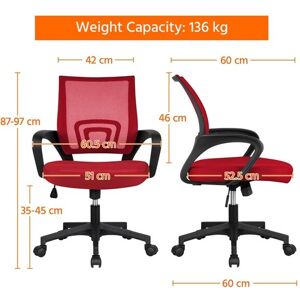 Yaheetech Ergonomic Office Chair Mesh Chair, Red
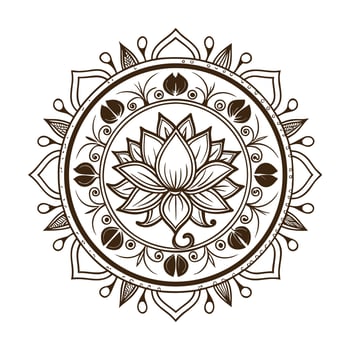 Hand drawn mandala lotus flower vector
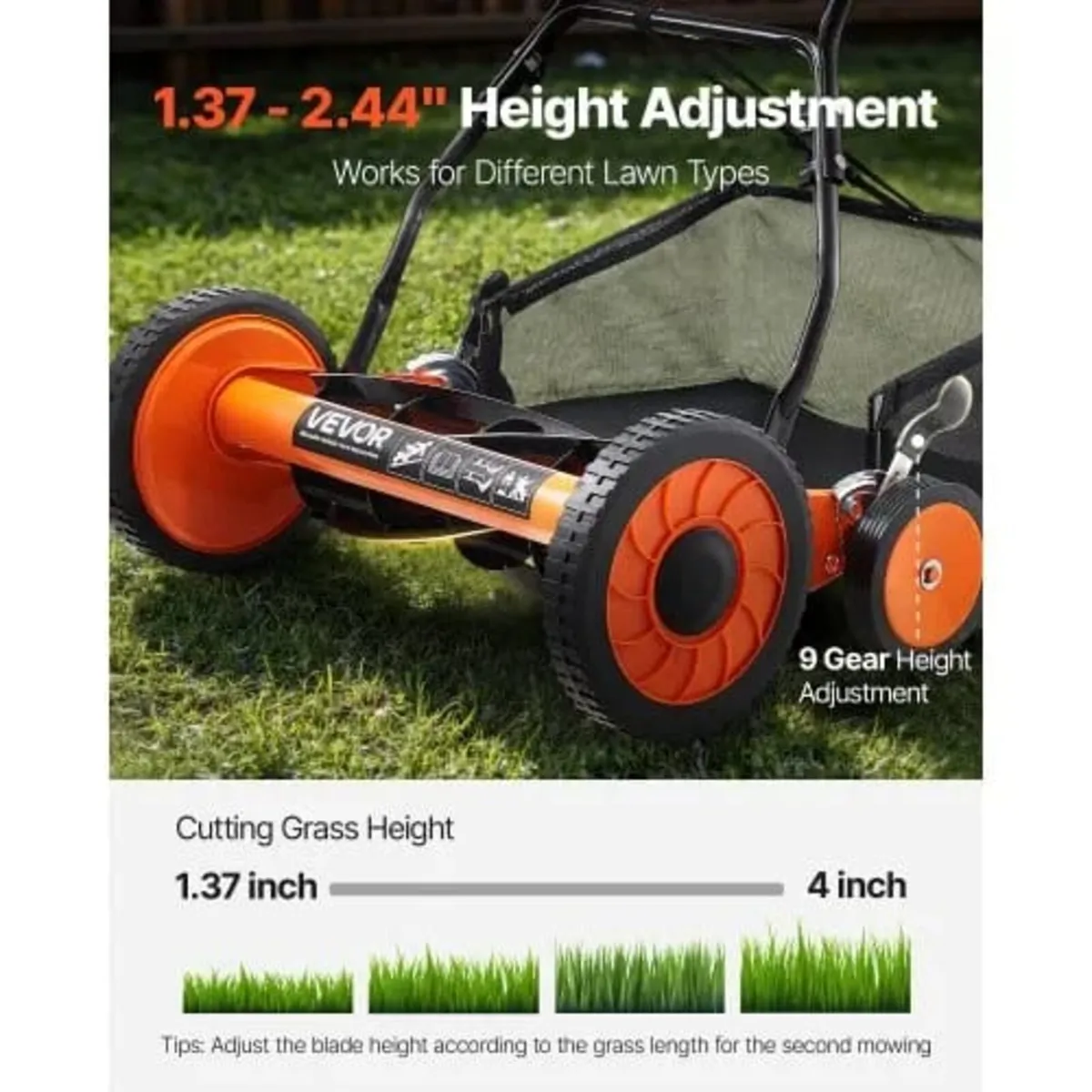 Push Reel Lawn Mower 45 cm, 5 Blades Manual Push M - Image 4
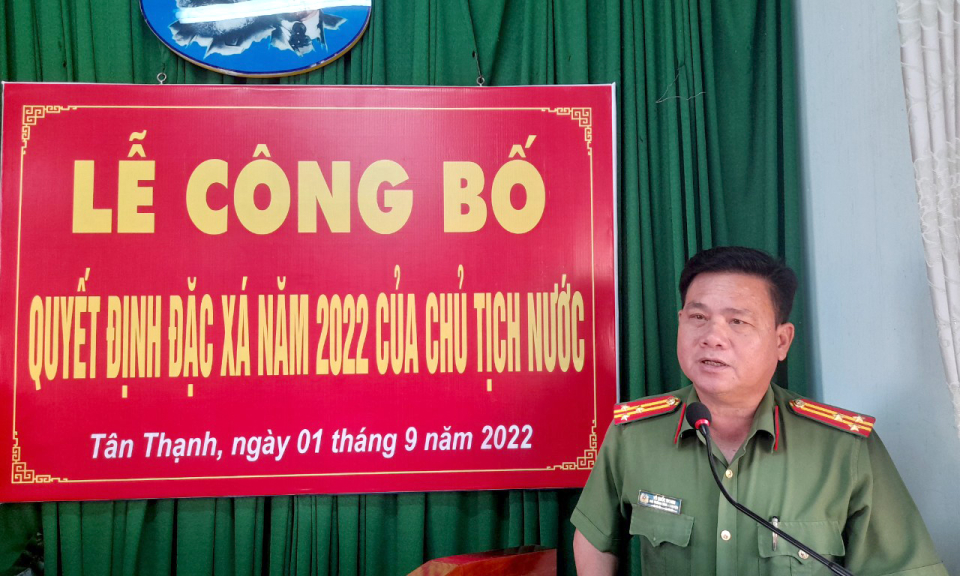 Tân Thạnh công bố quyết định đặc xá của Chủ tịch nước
◆ ◆ ◆
The problem: Start with the line that holds "Hand drawn mandala lotus flower vector" and retype each line through the last one in the data, exactly and without pictures.

Your solution:
 Hand drawn mandala lotus flower vector
 Push Reel Lawn Mower 45 cm, 5 Blades Manual Push M - Image 4
 Tân Thạnh công bố quyết định đặc xá của Chủ tịch nước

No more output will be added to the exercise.